Note that this is already as good or slightly better than the winner of the original kaggle competition three years ago. At that time they did not have pretrained resnet models at hand.
Or validation set has 1000 images, so an accuracy of 0.990 means only 10 classification errors.
Let's plug this on top the base model to be able to use it to make some classifications on our held out validation image folder:
In [32]:
model = Model(base_model.input, top_model(base_model.output))
In [33]:
flow = ImageDataGenerator().flow_from_directory(
validation_folder, batch_size=1, target_size=(224, 224))
plt.figure(figsize=(12, 8))
for i, (X, y) in zip(range(15), flow):
plt.subplot(3, 5, i + 1)
plt.imshow(X[0] / 255)
prediction = model.predict(preprocess_input(X))
label = "dog" if y[:, 1] > 0.5 else "cat"
plt.title("dog prob=%0.4f\ntrue label: %s"
% (prediction, label))
plt.axis('off')
Let's compute the validation score on the full validation set:
In [34]:
valgen = ImageDataGenerator(preprocessing_function=preprocess_function)
val_flow = valgen.flow_from_directory(
validation_folder, batch_size=batch_size, target_size=(224, 224),
shuffle=False, class_mode='binary')
all_correct = []
for i, (X, y) in zip(range(val_flow.n // batch_size), val_flow):
predictions = model.predict(X).ravel()
correct = list((predictions > 0.5) == y)
all_correct.extend(correct)
print("Processed %d images" % len(all_correct))
print("Validation accuracy: %0.4f" % np.mean(all_correct))
Exercise: display the example where the model makes the most confident mistakes.
To display images in jupyter notebook you can use:
from IPython.display import Image, display
import os.path as op
display(Image(op.join(validation_folder, image_name)))

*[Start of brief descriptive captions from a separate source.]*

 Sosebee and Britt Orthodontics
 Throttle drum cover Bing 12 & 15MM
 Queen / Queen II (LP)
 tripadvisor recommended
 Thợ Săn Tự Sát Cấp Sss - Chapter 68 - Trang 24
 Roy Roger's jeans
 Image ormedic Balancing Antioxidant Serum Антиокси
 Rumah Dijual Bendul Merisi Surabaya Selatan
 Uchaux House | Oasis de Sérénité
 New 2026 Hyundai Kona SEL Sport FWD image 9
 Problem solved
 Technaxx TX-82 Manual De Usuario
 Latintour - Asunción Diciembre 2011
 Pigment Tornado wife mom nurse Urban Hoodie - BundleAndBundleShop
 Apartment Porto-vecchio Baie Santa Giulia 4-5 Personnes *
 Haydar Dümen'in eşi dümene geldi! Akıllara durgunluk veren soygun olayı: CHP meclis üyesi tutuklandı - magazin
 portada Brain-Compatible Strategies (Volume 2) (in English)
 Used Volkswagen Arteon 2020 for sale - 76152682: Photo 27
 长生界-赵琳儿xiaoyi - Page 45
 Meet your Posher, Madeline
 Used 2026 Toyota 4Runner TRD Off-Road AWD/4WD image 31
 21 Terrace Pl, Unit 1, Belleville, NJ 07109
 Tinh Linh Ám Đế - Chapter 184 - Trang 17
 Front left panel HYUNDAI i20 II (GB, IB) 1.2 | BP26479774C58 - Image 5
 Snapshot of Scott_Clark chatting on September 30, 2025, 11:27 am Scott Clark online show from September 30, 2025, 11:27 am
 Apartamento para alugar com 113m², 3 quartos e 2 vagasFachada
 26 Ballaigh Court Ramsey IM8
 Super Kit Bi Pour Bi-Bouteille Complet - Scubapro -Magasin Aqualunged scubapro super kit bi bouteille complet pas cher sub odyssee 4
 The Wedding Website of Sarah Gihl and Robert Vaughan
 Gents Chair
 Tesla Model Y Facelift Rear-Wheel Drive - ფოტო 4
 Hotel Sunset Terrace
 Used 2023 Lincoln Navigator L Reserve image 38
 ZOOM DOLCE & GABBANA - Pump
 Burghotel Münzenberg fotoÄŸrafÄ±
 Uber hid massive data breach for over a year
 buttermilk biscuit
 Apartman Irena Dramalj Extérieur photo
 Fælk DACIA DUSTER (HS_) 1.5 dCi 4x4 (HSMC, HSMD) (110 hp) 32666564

The filenames of items sampled by a flow (without random shuffling) can be accessed via: val_flow.filenames
.
In [ ]:
In [35]:
# %load solutions/dogs_vs_cats_worst_predictions.py
from IPython.display import Image, display
predicted_batches = []
label_batches = []
n_batches = val_flow.n // batch_size
for i, (X, y) in zip(range(n_batches), val_flow):
predicted_batches.append(model.predict(X).ravel())
label_batches.append(y)
print("%d/%d" % (i + 1, n_batches))
predictions = np.concatenate(predicted_batches)
true_labels = np.concatenate(label_batches)
top_offenders = np.abs(predictions - true_labels).argsort()[::-1][:10]
image_names = np.array(val_flow.filenames, dtype=np.object)[top_offenders]
for img, pred in zip(image_names, predictions[top_offenders]):
print("predicted dog probability: %0.4f" % pred)
display(Image(op.join(validation_folder, img)))
# Analysis:
#
# The worst offender has the grid occlusion: this kind of grids is
# probably much more frequent for dogs in in the rest of the training
# set. This is an unwanted bias of our dataset.
#
# To fix it we would probably need to add other images with similar
# occlusion patterns to teach the model to be invariant to them.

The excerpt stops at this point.